TRY IT:
Look below for the line that has "Cache blouse met sterren zwart". Set down the lines from there through the line that has "Bridge at Centennial", exactly as written.

Extracted data entries:
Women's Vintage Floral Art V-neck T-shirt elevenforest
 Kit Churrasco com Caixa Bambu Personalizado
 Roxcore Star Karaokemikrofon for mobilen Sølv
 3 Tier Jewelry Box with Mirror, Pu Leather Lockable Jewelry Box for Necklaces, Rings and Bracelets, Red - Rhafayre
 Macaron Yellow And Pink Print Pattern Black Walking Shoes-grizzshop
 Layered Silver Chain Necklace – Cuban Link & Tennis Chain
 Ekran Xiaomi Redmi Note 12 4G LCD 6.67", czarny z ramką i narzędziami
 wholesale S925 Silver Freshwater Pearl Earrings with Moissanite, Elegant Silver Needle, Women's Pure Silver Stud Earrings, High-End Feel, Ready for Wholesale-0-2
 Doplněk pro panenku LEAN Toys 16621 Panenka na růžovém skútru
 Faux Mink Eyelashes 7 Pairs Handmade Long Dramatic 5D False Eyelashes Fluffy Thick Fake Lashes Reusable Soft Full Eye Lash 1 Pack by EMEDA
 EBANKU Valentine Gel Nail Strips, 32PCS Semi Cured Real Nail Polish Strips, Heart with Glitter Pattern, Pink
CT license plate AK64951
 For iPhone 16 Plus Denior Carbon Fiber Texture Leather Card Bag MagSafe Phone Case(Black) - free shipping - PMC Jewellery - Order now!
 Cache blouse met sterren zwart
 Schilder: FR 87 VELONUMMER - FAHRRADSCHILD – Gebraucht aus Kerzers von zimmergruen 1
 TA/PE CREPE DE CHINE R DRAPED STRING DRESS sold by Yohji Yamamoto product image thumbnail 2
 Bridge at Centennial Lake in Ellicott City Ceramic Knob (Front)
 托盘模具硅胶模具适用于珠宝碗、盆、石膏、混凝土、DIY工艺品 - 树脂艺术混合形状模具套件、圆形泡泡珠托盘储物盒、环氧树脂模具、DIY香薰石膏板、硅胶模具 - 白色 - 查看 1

OUTPUT:
 Cache blouse met sterren zwart
 Schilder: FR 87 VELONUMMER - FAHRRADSCHILD – Gebraucht aus Kerzers von zimmergruen 1
 TA/PE CREPE DE CHINE R DRAPED STRING DRESS sold by Yohji Yamamoto product image thumbnail 2
 Bridge at Centennial Lake in Ellicott City Ceramic Knob (Front)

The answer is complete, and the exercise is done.